Blau-weiße Liebesgrüße
Facebook-Kampagne und Protest in Tel Aviv: Jenseits der aktuellen Kriegshetze gegen Teheran versichern sich Israelis und Iraner ihrer gegenseitigen Sympathie
Von Karin Leukefeld
»IsraelovesIran«, nicht nur virtuell: Antikriegsdemonstration am Samstag in Tel Aviv
»Iraner, wir lieben Euch. Wir werden Euer Land nie bombardieren«. Mit dieser Botschaft hat sich vor wenigen Tagen Ronny Edry aus Tel Aviv per Facebook an die Öffentlichkeit gewandt.
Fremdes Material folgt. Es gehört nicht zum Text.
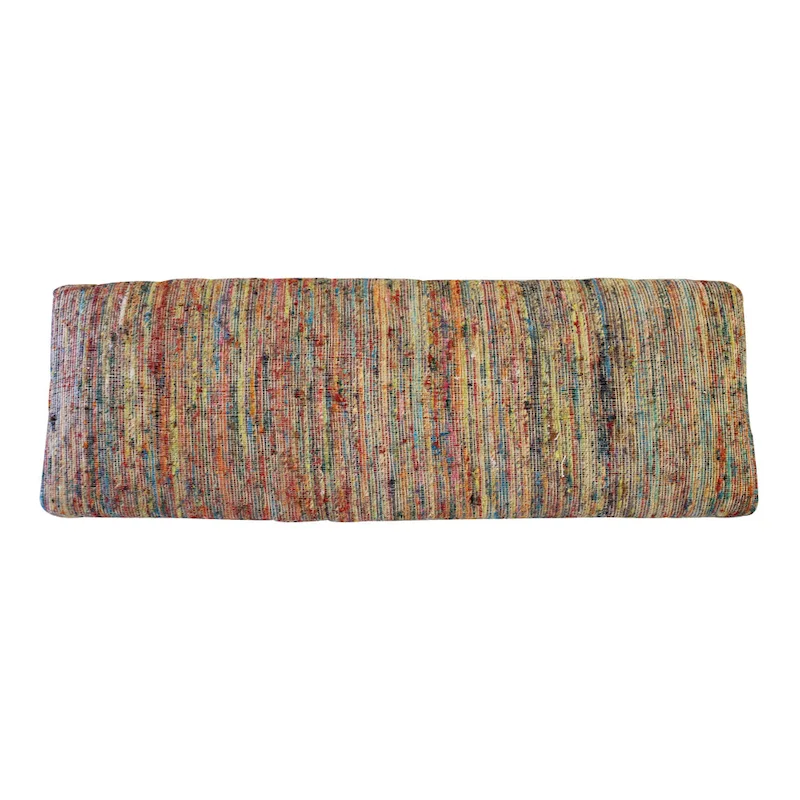HomeRoots 47 Rainbow Stripe Blue Leg Upholstered Bench - 47 x 18 x 16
Mit seiner Tochter auf dem Arm blickt der Grafikdesigner Edry den Betrachter des Aufrufs an, die Kleine trägt ein Kleid in den Farben der israelischen Nationalfahne weiß und blau und hält ein israelisches Papierfähnchen in der Hand. Unter die ungewöhnliche Botschaft aus Israel hatte Edry »An das iranische Volk« geschrieben: »An die Väter, Mütter, Kinder, Brüder und Schwestern ... Bevor es zum Krieg kommt, müssen wir uns voreinander fürchten, müssen wir einander hassen. Ich habe keine Angst vor Euch, ich hasse Euch nicht. Ich kenne Euch noch nicht einmal.« Er habe nur einmal im Leben einen Iraner getroffen, das sei in einem Museum in Paris gewesen, sagt Ronny Edry in einem Youtube-Video, in dem er über seine Initiative spricht und um weitere Unterstützung wirbt. »Wenn immer ein Politiker im Fernsehen über Krieg gegen Iran spricht, seien Sie sicher, daß er nicht für das israelische Volk spricht.« Innerhalb kürzester Zeit habe er Briefe und Fotos anderer Israelis erhalten, die seine Meinung teilten. Schließlich seien aus anderen Ländern und aus dem Iran selbst Dankesbotschaften bei ihm eingegangen: »Wir lieben Euch auch, Eure Worte erreichen uns trotz der Zensur«, war in einem Brief aus dem Iran zu lesen. Auf einem Bild ist unter der Überschrift »An meine israelischen Freunde« der schwarze Schatten einer Person zu sehen. Darunter die Worte: »Ich hasse Euch nicht, ich will keinen Krieg. Liebe und Frieden«, wobei das »und« durch ein Herz dargestellt ist.
Offenbar angeregt von der Liebeserklärung an die Iraner, marschierten Hunderte Israelis am Samstag abend durch Tel Aviv und protestierten gegen einen möglichen Angriff ihres Landes. Sie führten ähnliche Plakate und Slogans mit sich, wie sie auf der Facebook-Seite verbreitet worden waren.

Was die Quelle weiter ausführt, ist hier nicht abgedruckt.